* Extracted material:
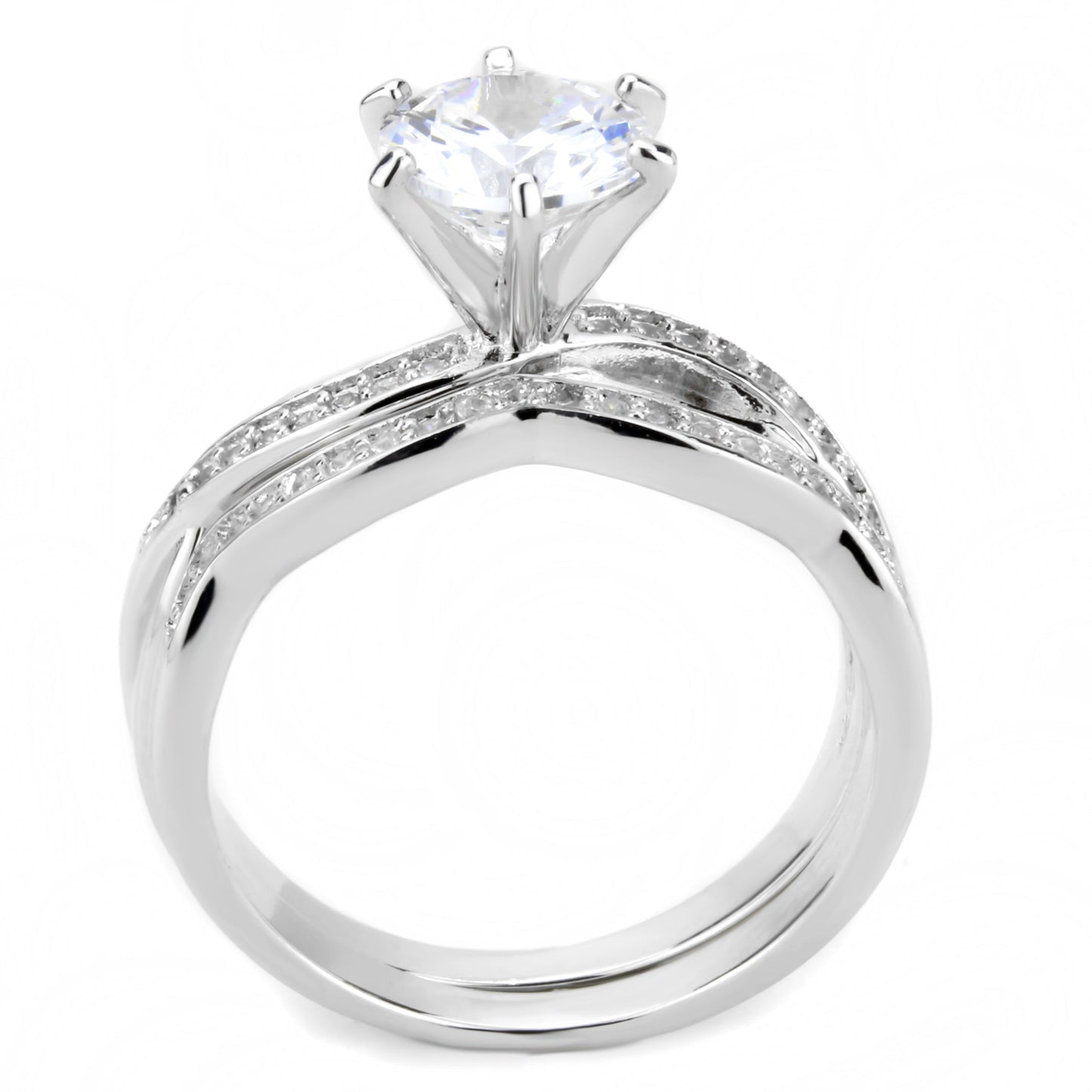 3W1514 - Rhodium Brass Ring with AAA Grade CZ in Clear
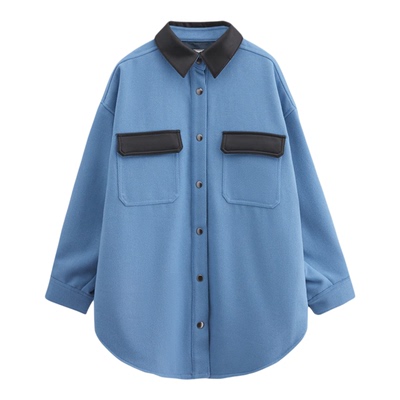 moussy学院风经典格纹拼色外套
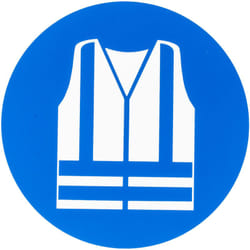 Panneau obligation, avec pictogramme : Gilet de sécurité haute visibilité obligatoire , en Plastique ( Prix pour 1 )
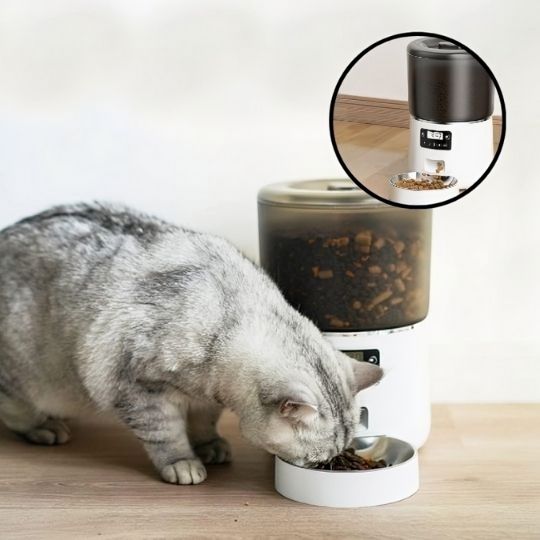 distributeur de croquettes CleanBO blanch avec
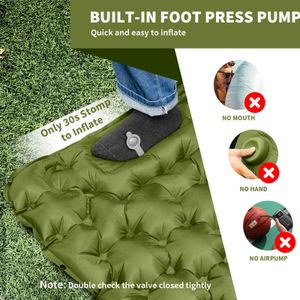 HiiPeak Ultralight Camping Sleeping Pad with Pillow – Inflatable, Green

* About this exercise: Omit the pictures and copy the records above exactly.

* Output for this exercise:
 3W1514 - Rhodium Brass Ring with AAA Grade CZ in Clear
 moussy学院风经典格纹拼色外套
 Panneau obligation, avec pictogramme : Gilet de sécurité haute visibilité obligatoire , en Plastique ( Prix pour 1 )
 distributeur de croquettes CleanBO blanch avec
 HiiPeak Ultralight Camping Sleeping Pad with Pillow – Inflatable, Green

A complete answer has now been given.